I recall Val Prieto once saying that if there's a response (seen more as "damage control") to a comment made, then that means that the original comment "hit the nail on the head." Following such logic, that means Barack Obama must have really "hit the nail on the head."
Since his column appeared yesterday in the Miami Herald, Obama's Cuba policy has gotten responses from the leading presidential candidates, the Cuban-American political leadership, and the leaders of the hard-line Cuban community.
Today's article in the Herald, by Beth Reinhard and Lesley Clark, summarizes the various positions by the Democratic and Republican candidates and how they either partially agree or fully disagree with Barack Obama. Democratic Presidential front-runner Hillary Clinton disagreed fully with Obama's Cuba policy, as some expected. Political blogger Tom Bevan believes that "Clinton took the bait, giving Obama exactly the line he wanted: she would continue the Bush administration's hard-line stance." Which also happens to be the stance of most Republicans.

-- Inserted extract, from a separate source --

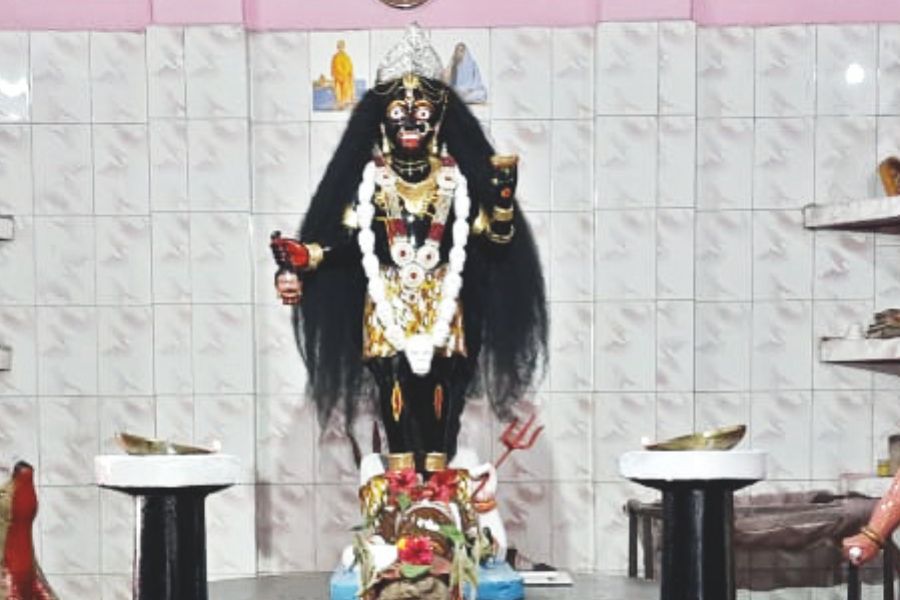 দেবী চৌধুরানীর মন্দিরে মা কালী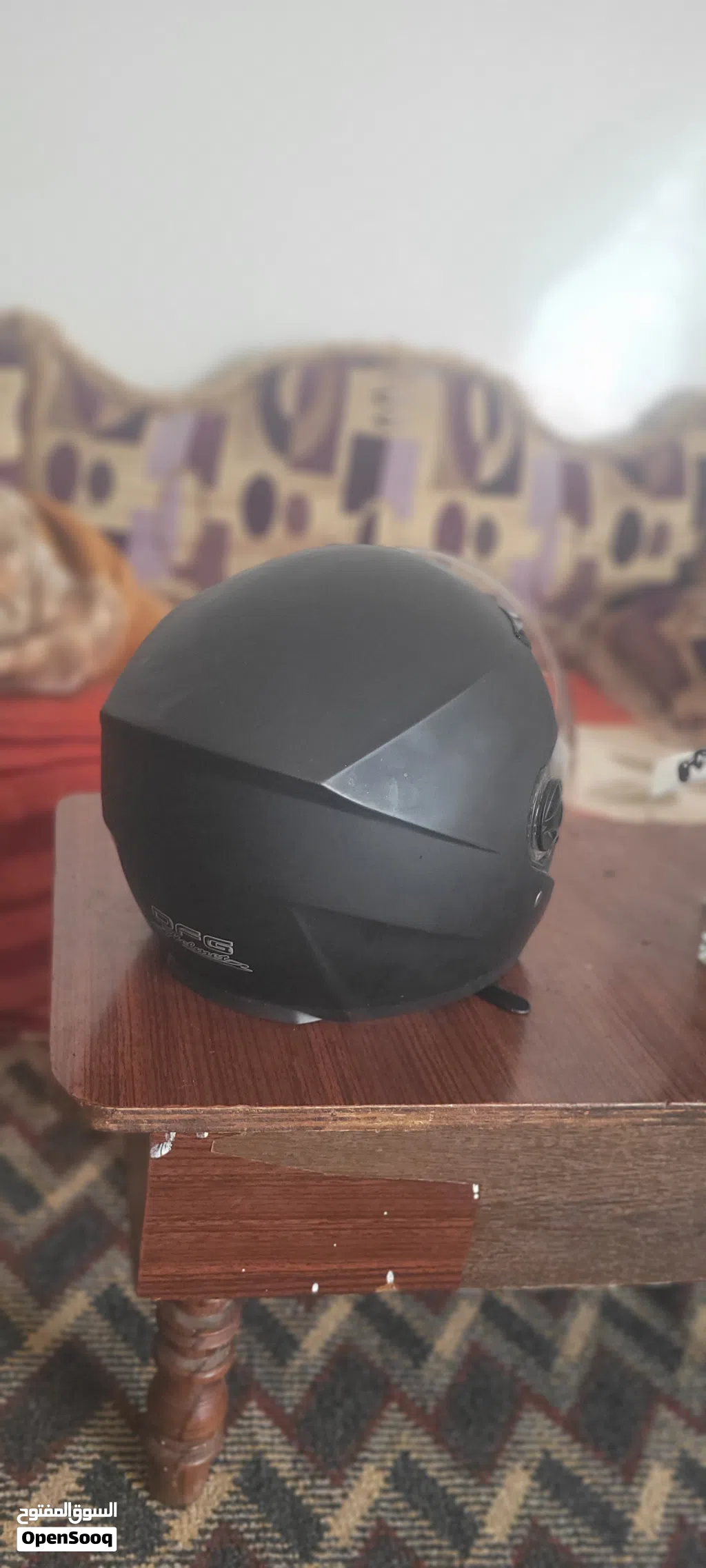 خوذة راقية مبطنة ومعها حماية للعيون بسعر حالي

According to John King from CNN, "[Republican Presidential candidate] Gov. Mitt Romney was quick to pounce" on Obama's comments saying that "unilateral concessions to a dictatorial regime are counterproductive" and that Obama "does not have the strength to confront America's enemies or defend our values." Ouch. One of Mitt Romney's advisors is Al Cardenas, a hard-line Cuban exile.
And, "Rudy Giuliani [the other leading Republican candidate] believes America must stand ready to help the Cuban people reclaim their freedom, but decreasing sanctions on Cuba will only serve to boost the Castro regime.''
Sen. Mel Martinez of Florida, chairman of the Republican National Committee, said that Obama's comments showed "that he either didn't think it through very well or simply hasn't had enough experience on these tough foreign policy problems."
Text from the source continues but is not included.